Do you ever get that déjà vu feeling that somehow the more things change the more they remain the same? I sure do, especially of late as the media brings our attention to the current drought and famine situation across Africa, specifically in the Compassion country of Ethiopia.
Despite significant economic growth over the past decade, Ethiopia still remains one of the world’s poorest countries and is yet again threatened with food insecurity in different parts of the country due to climatic changes. The current El Niño, which the UN calls “one of the strongest weather events ever recorded,” has caused disaster for planting and livestock production across the country, impacting over 10 million people.
The disaster has put lives at risk due to lack of food and water, which heightens the risk of displacement and disease outbreak. In addition, livelihoods have been destroyed as a result of livestock death or poor health. It is also anticipated that limited access to seeds and other agricultural inputs will further intensify the effect of the drought.

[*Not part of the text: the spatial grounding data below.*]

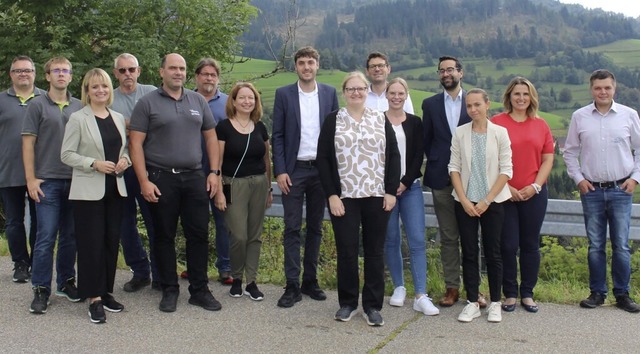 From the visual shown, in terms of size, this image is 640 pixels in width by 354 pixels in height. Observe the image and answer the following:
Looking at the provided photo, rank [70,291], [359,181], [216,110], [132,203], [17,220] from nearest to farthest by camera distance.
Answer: [359,181] → [70,291] → [132,203] → [216,110] → [17,220]

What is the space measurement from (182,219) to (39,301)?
1.25 meters

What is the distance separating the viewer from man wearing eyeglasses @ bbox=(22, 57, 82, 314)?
5.29m

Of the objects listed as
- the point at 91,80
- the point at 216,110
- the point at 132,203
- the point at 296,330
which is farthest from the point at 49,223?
the point at 296,330

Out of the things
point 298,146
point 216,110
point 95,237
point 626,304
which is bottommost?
point 626,304

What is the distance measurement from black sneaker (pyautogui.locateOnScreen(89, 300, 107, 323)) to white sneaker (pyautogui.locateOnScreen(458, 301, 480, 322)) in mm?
2635

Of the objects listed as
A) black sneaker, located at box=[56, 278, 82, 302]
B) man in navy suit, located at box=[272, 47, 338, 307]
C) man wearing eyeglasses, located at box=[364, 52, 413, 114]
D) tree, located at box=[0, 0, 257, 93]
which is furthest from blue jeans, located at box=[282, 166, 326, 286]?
tree, located at box=[0, 0, 257, 93]

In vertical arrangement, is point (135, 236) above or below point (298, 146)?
below

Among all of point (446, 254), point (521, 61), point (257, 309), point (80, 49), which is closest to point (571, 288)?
point (446, 254)

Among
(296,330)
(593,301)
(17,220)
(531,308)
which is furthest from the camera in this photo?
(17,220)

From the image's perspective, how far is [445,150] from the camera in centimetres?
537

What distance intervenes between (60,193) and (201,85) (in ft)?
5.01

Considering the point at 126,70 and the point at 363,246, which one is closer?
the point at 363,246

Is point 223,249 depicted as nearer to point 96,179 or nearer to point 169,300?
point 169,300

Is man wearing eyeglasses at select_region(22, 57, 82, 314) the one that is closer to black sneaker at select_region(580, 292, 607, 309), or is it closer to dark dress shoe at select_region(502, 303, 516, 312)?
dark dress shoe at select_region(502, 303, 516, 312) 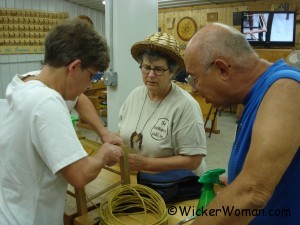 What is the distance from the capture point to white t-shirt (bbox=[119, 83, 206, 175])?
1.75 m

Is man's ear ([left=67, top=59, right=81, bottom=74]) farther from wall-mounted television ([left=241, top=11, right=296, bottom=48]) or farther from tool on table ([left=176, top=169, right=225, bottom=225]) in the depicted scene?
wall-mounted television ([left=241, top=11, right=296, bottom=48])

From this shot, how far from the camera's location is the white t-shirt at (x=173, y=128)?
175cm

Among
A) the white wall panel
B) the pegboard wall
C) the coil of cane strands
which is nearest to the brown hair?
the coil of cane strands

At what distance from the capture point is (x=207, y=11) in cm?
860

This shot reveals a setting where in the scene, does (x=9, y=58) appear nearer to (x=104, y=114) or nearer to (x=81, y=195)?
(x=104, y=114)

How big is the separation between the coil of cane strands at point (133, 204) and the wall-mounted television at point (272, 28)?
5554 millimetres

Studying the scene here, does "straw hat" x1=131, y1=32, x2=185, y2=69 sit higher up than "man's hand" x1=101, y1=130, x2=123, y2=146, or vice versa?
"straw hat" x1=131, y1=32, x2=185, y2=69

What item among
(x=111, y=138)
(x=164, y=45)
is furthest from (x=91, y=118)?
(x=164, y=45)

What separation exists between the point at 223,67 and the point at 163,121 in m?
0.81

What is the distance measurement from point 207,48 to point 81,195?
2.62 ft

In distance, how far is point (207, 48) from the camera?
1.04 metres

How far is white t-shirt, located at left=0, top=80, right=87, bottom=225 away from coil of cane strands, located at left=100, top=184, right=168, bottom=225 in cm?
21

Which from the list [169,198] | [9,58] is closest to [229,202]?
[169,198]

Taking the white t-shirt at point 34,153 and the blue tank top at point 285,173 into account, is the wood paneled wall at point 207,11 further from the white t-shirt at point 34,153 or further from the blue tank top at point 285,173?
the white t-shirt at point 34,153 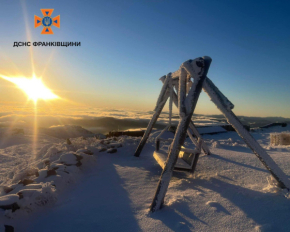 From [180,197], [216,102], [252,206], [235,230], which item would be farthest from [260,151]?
[180,197]

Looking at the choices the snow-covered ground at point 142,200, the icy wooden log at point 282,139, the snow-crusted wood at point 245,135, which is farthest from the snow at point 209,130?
the snow-crusted wood at point 245,135

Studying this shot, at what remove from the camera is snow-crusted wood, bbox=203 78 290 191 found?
2.69 m

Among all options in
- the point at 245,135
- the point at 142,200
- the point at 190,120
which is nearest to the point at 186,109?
the point at 190,120

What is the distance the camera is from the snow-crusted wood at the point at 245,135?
2.69 m

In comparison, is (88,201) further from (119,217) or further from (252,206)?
(252,206)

While we are not seeing the same intensity of media images as we did back in the 80s, there is still something disconcerting about drought and famine. I have personally been to this place before. The sights and smells of peasant farmers despairing are familiar. I have personally lived the frustration of doing everything possible to prepare the farms, to plant whatever seed there is left, and then go through the despair of failed rains. I know what it is for family members to look at one another with the silent look that somehow manages to communicate despair that cannot be told in years.
After all, droughts are a natural weather phenomenon. They will come, just like the hurricanes and the earthquakes and the tsunamis, just like the rising and setting of the sun. Still, our responses do not have to be so passé. And unlike the 80s, one must commend the current Ethiopian government.
The Ethiopian government, using its own resources and in partnership with humanitarian organizations, is exuding strong leadership in order to mitigate the scale of El Niño related problems, problems like food scarcity. Were it not for this, it is very likely that the current drought in Ethiopia would have been a genuine déjà vu all over again.
Beyond food relief – a noble act in itself since a hungry child does not know the word ‘tomorrow’ – what must we do today to ensure that that there is food tomorrow?
While Compassion is not a disaster relief organization, we do respond to disasters affecting registered children and their caregivers as much as we are able to, whether directly or through partnerships with other organizations that are more focused on humanitarian relief.
Beyond disaster response, Compassion takes a long-term view to building the capacity of our church partners and families so that they have the resilience and networks critical to reducing the effects of such crises. The goal here is to ensure that in the long term, there is less reliance on emergency aid or at least delaying the need for such emergency aid.
A farmer who has learned how to store their grain in such a way that 40% is not wasted by pests is a farmer that will weather the bad days much better than the farmer whose harvest is destroyed by pests. By employing simple but effective capacity building skills – such as how to store grains – Compassion ensures that we are in fact enabling children and their caregivers develop the resilience needed to escape from extreme poverty.
Compassion-registered children are known, loved and protected at all times and because of that they receive a wide range of long-term focused development interventions appropriate to their own circumstances.
While the current drought situation in Ethiopia is a déjà vu moment – at least to me – it is not a moment that will repeat the same dire outcomes. We are responding to this disaster as we do with all other disasters but most importantly, we are working hard to ensure that our partners and registered children have the ways and means to respond by themselves.